:: Records shown ::

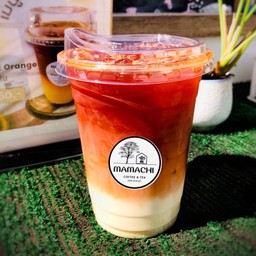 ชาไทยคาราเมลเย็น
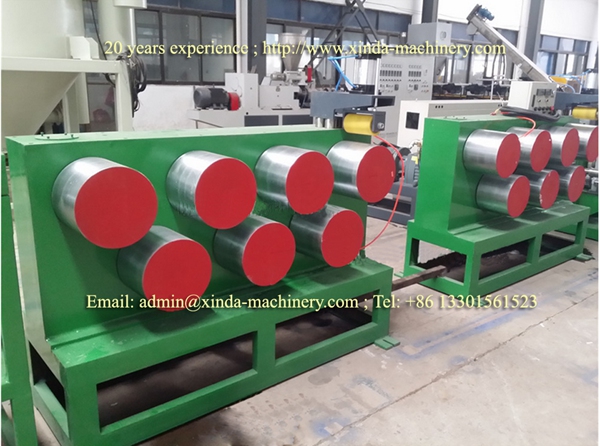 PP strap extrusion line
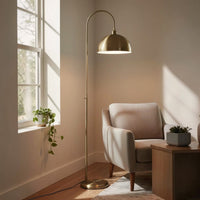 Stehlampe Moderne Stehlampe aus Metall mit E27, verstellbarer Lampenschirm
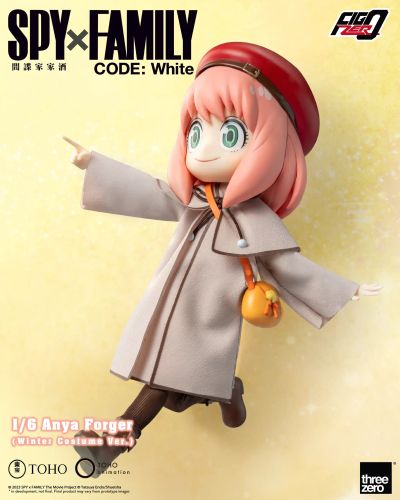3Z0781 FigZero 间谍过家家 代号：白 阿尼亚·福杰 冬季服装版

:::
:: Records shown ::

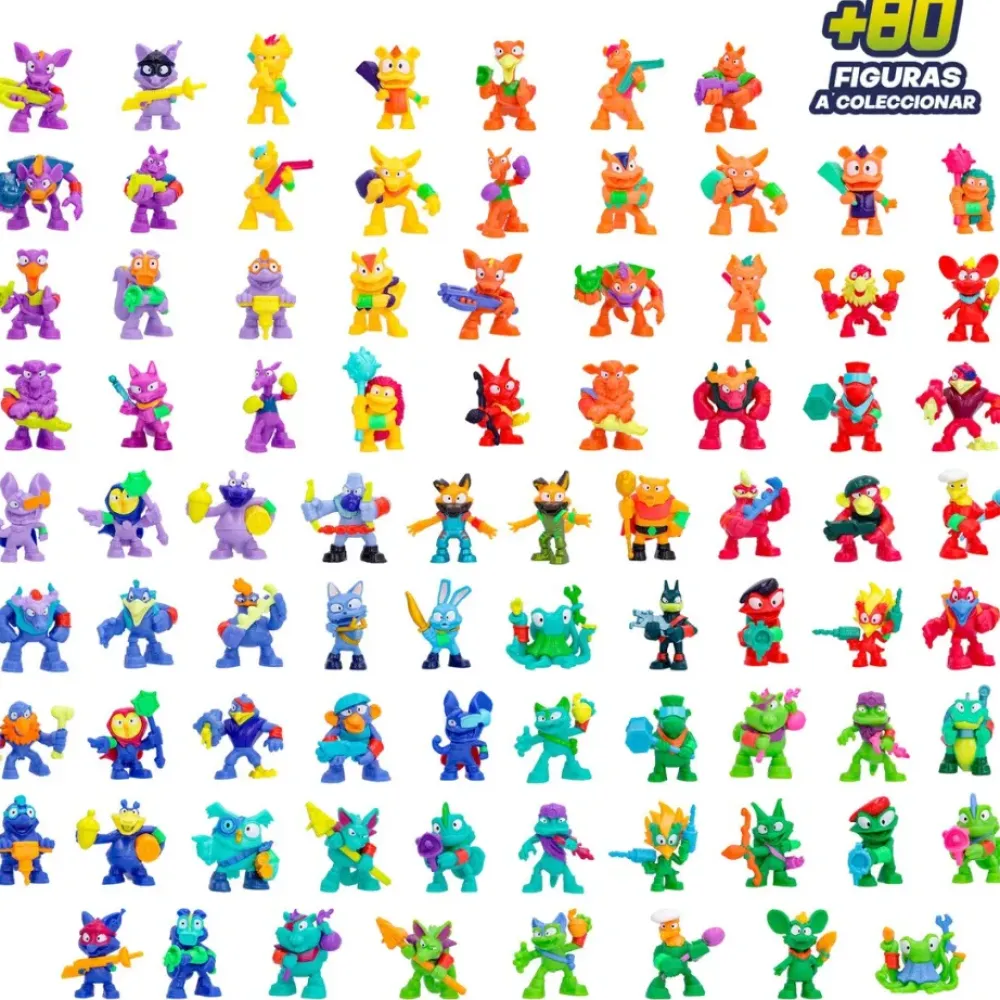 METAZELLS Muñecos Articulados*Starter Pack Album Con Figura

:::
:: Records shown ::

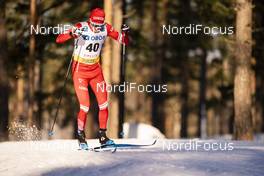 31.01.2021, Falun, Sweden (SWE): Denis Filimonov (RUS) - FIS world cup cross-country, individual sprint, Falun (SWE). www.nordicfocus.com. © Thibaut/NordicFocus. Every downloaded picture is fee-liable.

:::

Directions: Go to the line above that has "ชาไทยคาราเมลเย็น" and copy exactly from there down to the line that has "3Z0781 FigZero 间谍过家家 代号：白 阿尼亚·福杰 冬季服装版", both included. Leave the pictures out.

Answer section:
 ชาไทยคาราเมลเย็น
 PP strap extrusion line
 Stehlampe Moderne Stehlampe aus Metall mit E27, verstellbarer Lampenschirm
3Z0781 FigZero 间谍过家家 代号：白 阿尼亚·福杰 冬季服装版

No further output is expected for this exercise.